The Sitka Industrial Training School was founded nearly thirty years ago by ex-Governor Brady, who was then a missionary to the Indians of Alaska.
It was first attended by about one hundred natives, ranging from the very young to the very old. This school was continued, with varied success, by different people—including Captain Glass, of the Jamestown—until Dr. Sheldon Jackson became interested, and, with Mr. Brady and Mr. Austin, sought and obtained aid from the Board of Home Missions of the Presbyterian Church.
A building was erected for a Boys' Home, and this was followed, a year later, by a Girls' Home.
The girls were taught to speak the English language, cook, wash, iron, sew, mend, and to become cleanly, cheerful, honest, honorable women.
The boys were taught to speak the English language; the trades of shoemaking, coopering, boat-building, carpentry, engineering, rope-making, and all kinds of agricultural work. The rudiments of bricklaying, painting, and paper-hanging are also taught.
During the year 1907 a Bible Training Department was added for those among the older boys and girls who desired to obtain knowledge along such lines, or who aspired to take up missionary work among their people.
Twelve pupils took up the work, and six continued it throughout the year. The work in this department is, of course, voluntary on the part of the student.
The Sitka Training School is not, at present, a government school.
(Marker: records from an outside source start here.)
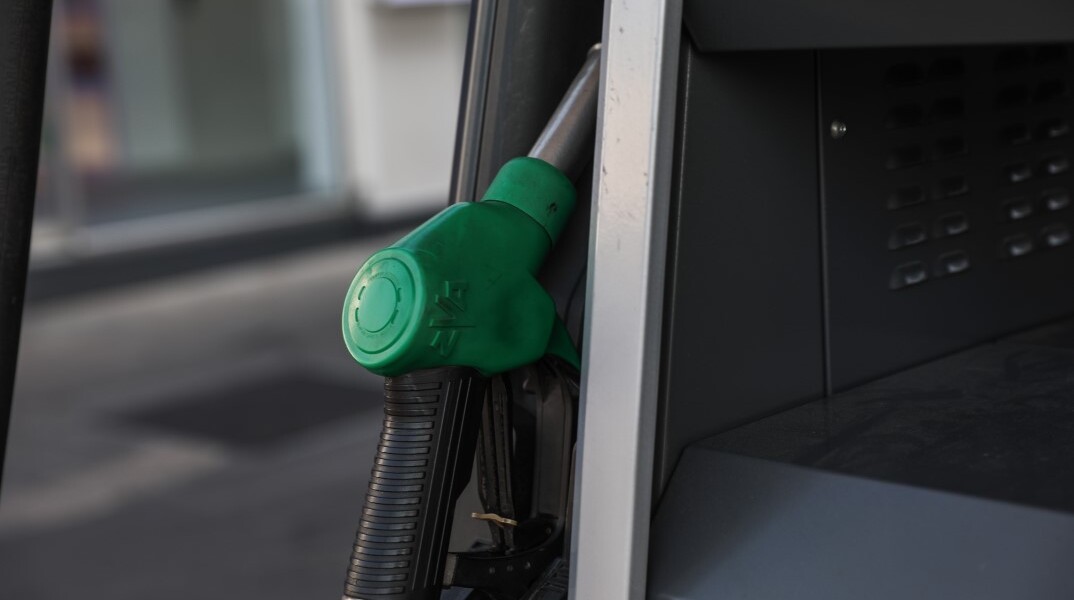 Αντλία σε βενζινάδικο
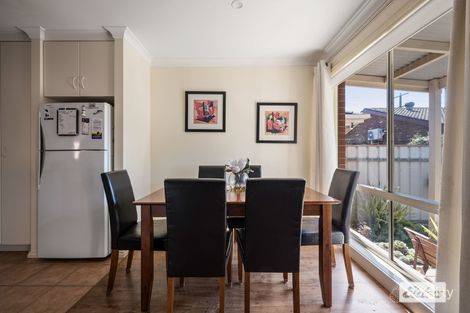 Property photo of 2/30 Wilson Street Wodonga VIC 3690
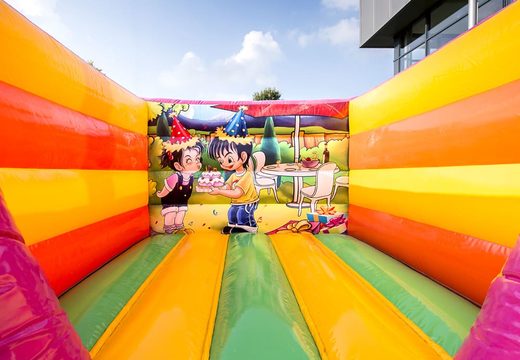Klein open springkussen kopen in feest thema voor kinderen. Bestel springkussens online bij JB Inflatables Nederland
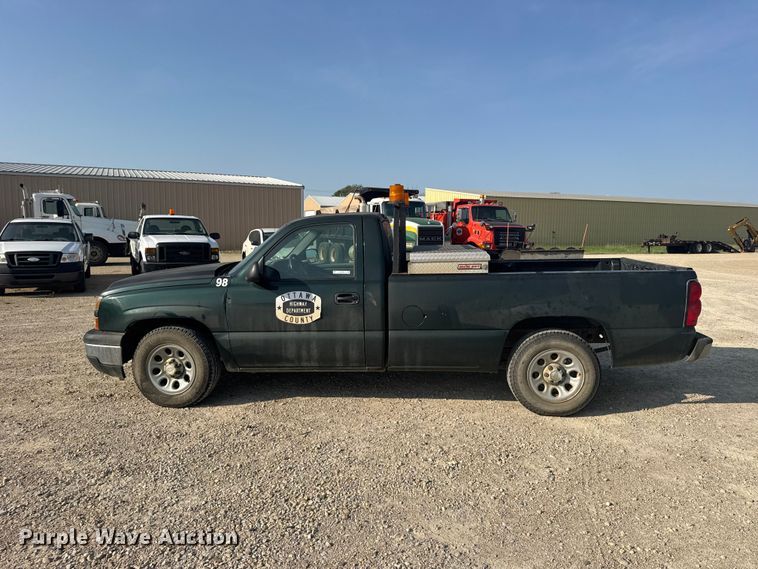image for item DY3185 2006 Chevrolet Silverado 1500 pickup truck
During the early nineties it received aid from the government, under the government's method of subsidizing denominational schools, where they were already established, instead of incurring the extra expense of establishing new government schools in the same localities.
When the government ceased granting such subsidies, the Sitka School—as well as many other denominational schools—lost this assistance.
The property of the school has always belonged to the Presbyterian Board of Home Missions.